Don't throw the baby out with the bathwater
From my perspective this advice is OK:Simplicity Blog: "Wharton's Michael Useem nails one of the things our own Cincom research on business reorganization indicates as vital leading the internal team culture so that it can accept the kinds of change needed for success. 'Hurd should give thought to H-P's culture -- a problematic area for Fiorina, who clashed with longtime H-P employees accustomed to the collegial, time-honored 'H-P way. Here, Hurd should take his guidance from the great Lou Gerstner [former CEO at IBM]. After two years of working to transform IBM - in much the same way Hurd has to do now at H-P -- a barrier to the kind of performance Gerstner wanted was the inward-looking IBM culture. It had a resisting effect within IBM vis-a-vis the kinds of changes Gerstner sensed were critical to turning the company around. He worked hard on reconstituting the culture. For Hurd, the question is going to be whether the H-P culture is where it ought to be to make it the kind of company he wants.'"

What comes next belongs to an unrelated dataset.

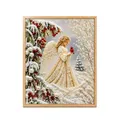 Christmas themed 3D pearl diamond painting DIY set featuring angel and cardinal bird - Snow Angel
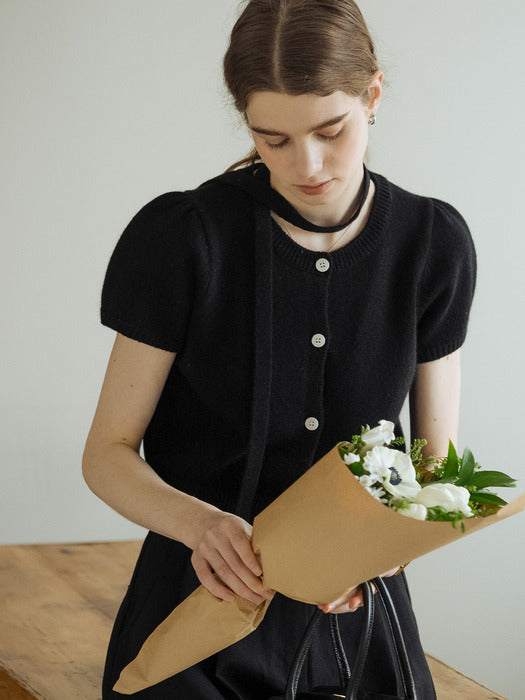 [TILLIDIE] Tie set half sleeve cardigan_Black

but my experience is that the whole culture gets really knocked around - this needs to be done in such a way that the good parts of the culture are not lost. Otherwise you end up with an average (or below-average) company.
I think it is very easy for any company to become inward looking, and this what needs to be changed. Get your engineers/development mgrs/etc. out with customers and ensure that what they learn flows round the organisation. Make sure they haven't become so process bound that they can't breathe without permission. Make sure you change of ethos is real, and affects all the organisation. Again my experience is that the grass-roots devlopers are happy to get out more, but are often restricted by IP concerns, contractural concerns, projects which already take 80 hours a week. And you actually find ( especially when the company is in crisis) that the development managers are given stretch targets in terms of delivering products at the very time you need the developers to be more outward looking. So the top-brass trumpets a new culture, but do not play enough attention to the pragmatic day-to-day decisions that affect peoples careers: what targets are they being set, what behaviours will be rewarded at review time etc.
HP needs to keep the elements of its culture which lead to technologically savvy, high-quality products. A consensus is only a problem if it takes too long, or has only internal priorities to balance.